***** Provided data
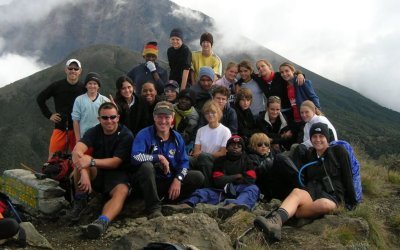 What are the advantages of a private versus a group climb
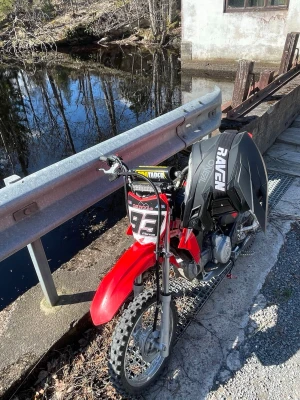 Röd crossmotorcykel med hjälm - Säljer en röd crossmotorcykel med svart och vit grafik, utrustad med Pro Taper-styre och nummerplåt med siffran 92. Medföljer svart Raven-hjälm. Perfekt för dig som gillar offroad och äventyr på två hjul.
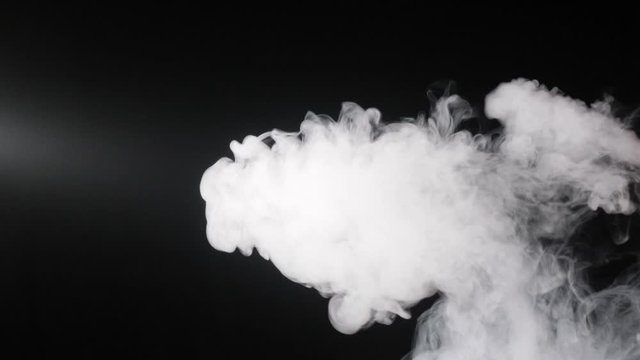 A man smokes a vape on a black background close-up. Slow motion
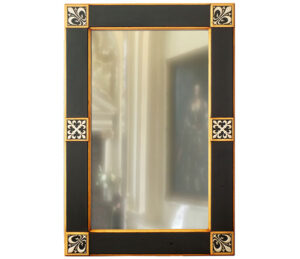 An ornate stud overmantle mirror, with black frame.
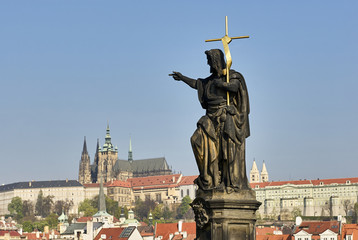 Baroque Statues on the Charles Bridge with beautiful Prague Castle and St. Vitus Cathedral background. Focused to Prague Castle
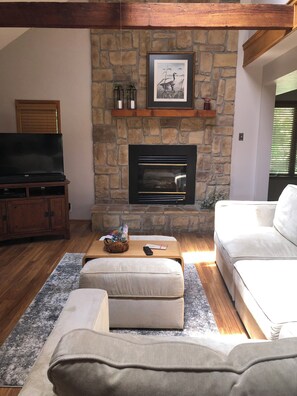 A living room with a stone fireplace, a television, and a white sofa.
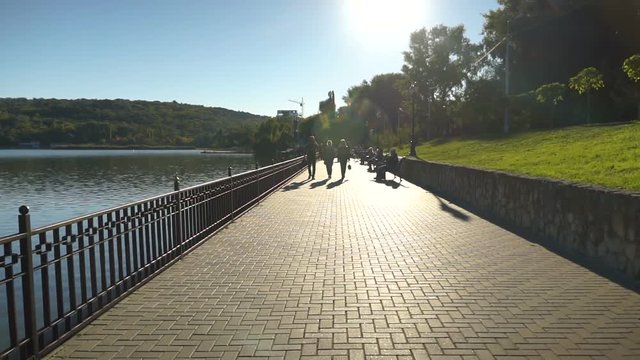 Blurred people walking on a pier on a sunny day. Steadicam shot.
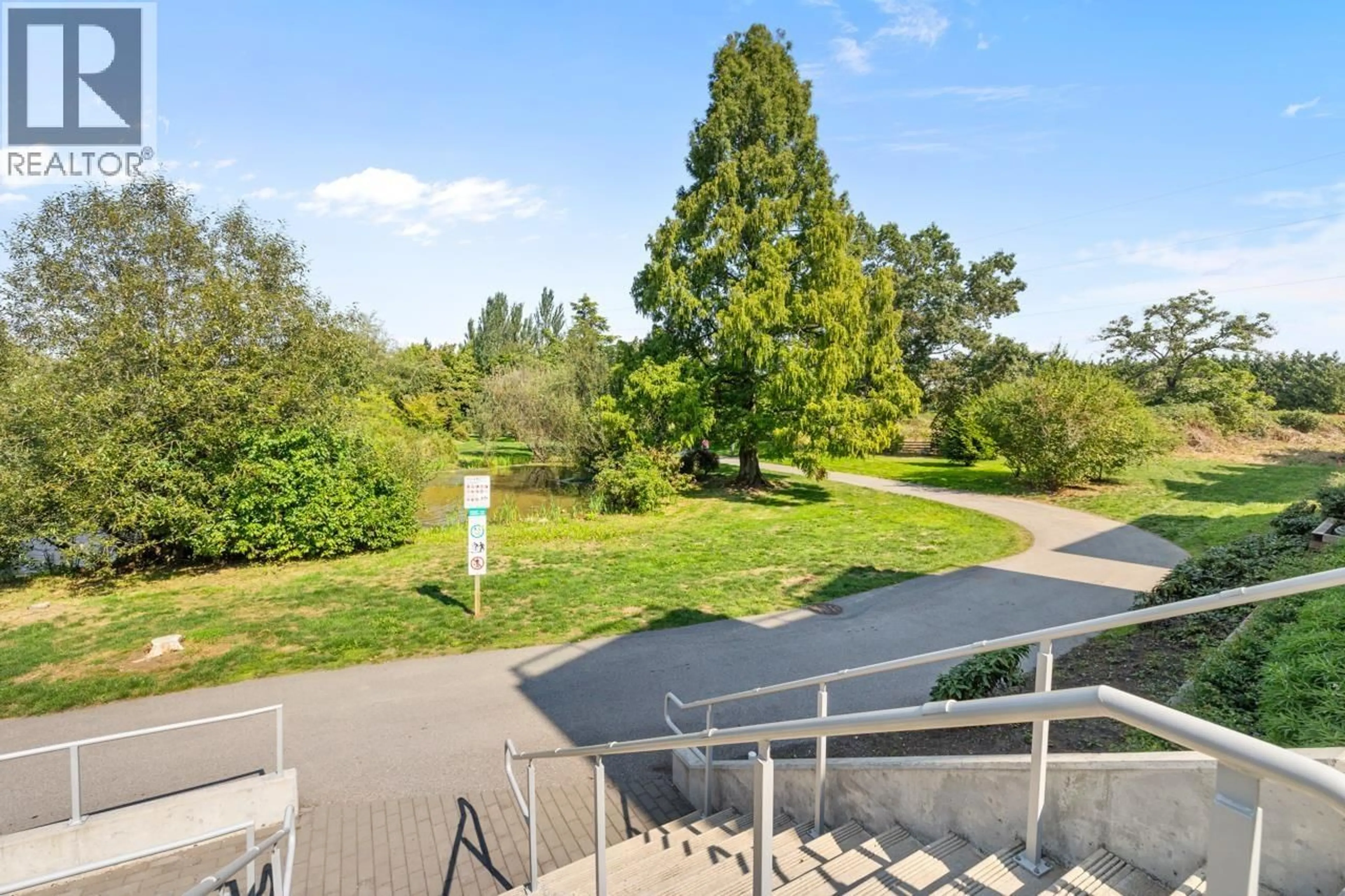 A pic from outside/outdoor area/front of a property/back of a property/a pic from drone, unknown for 8 - 10800 NO. 5 ROAD, Richmond British Columbia V6W0C2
**********
Exercise:
Please copy the data above word for word, but only from the line that contains "An ornate stud" through the final line, both included, and without the pictures.

Written response:
 An ornate stud overmantle mirror, with black frame.
 Baroque Statues on the Charles Bridge with beautiful Prague Castle and St. Vitus Cathedral background. Focused to Prague Castle
 A living room with a stone fireplace, a television, and a white sofa.
 Blurred people walking on a pier on a sunny day. Steadicam shot.
 A pic from outside/outdoor area/front of a property/back of a property/a pic from drone, unknown for 8 - 10800 NO. 5 ROAD, Richmond British Columbia V6W0C2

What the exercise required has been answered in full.